Hey has anyone changed their gauges over to the silver glow gauges and had any problems with them??? I bought the Silver (Blue to Green color) Glow Gauges, and have heard horror stories about people that have changed these over themselves... Has anyone here performed this the correct way or has anyone done this process and fixed problems like the gas or temp gauges did not work... This will help me out before i mess something up... Another question!!!! has anyone tried to interchange the gauges from a different nissan car, like a 2000 maxima??? the titanium gauges in the SE version are very sweet and I would like to put that in my 96' 240....Thanx for your help!!!!


----------



## Joel (Jun 11, 2003)

Mainly the stories are from where people dont know how to wire them up.
There are 2 versions. Ones that are wired in parallel like most electronic devices in a car (has a positive wire and a negative wire) and ones that are wired in series with a +12v wire like a standard light globe (one input wire, one output wire)
Make sure you wire it correctly!


----------



## dlucke17 (May 9, 2003)

Joel said:


> Mainly the stories are from where people dont know how to wire them up.
> There are 2 versions. Ones that are wired in parallel like most electronic devices in a car (has a positive wire and a negative wire) and ones that are wired in series with a +12v wire like a standard light globe (one input wire, one output wire)
> Make sure you wire it correctly!



These gauges are to be put in the place of the old ones, so i have to take the needles off and then put them on!!! that is what im worried about. Changing the needle positions or having them not even work again, not so much about the wiring!!!


----------



## Joel (Jun 11, 2003)

If you dont know what you are doing then get someone who does.
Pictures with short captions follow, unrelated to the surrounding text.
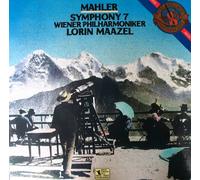 Lorin Maazel, Wiener Philharmoniker - Symphony No. 7. Lorin Maazel, Wiener Philharmoniker Stereo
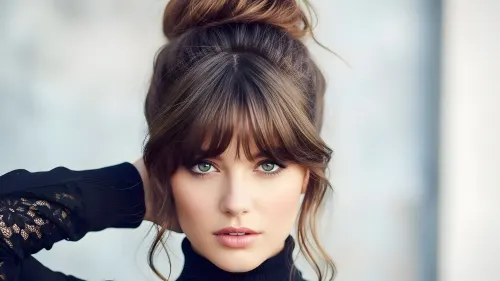 Discover a Woman's Portrait That Creates Elegant Beauty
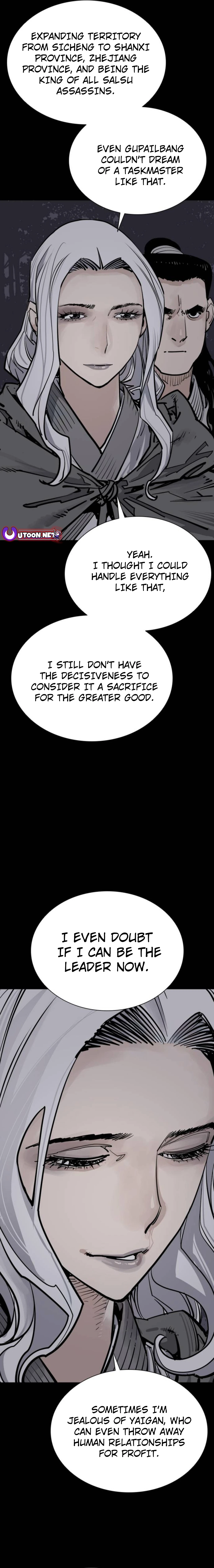 Death God Chapter 89 - page 18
If you are afraid of gauges not working again then you obviously dont know enough about 12v car electronics to do this.
It wont cost you that much and you will know its done properly!


----------



## dlucke17 (May 9, 2003)

Thanx for you help Joel. but you are not understanding my question!!! I know plenty about the electronics, the problem, like i said before, is physically removing the needles from the gauges so i can remove the stock black gauges and insert the glow gauges and then putting the needles back, set to the way they were. That has nothing to do with the 12v electronics. Now back to the original Q, can anyone help? Thanx, D


----------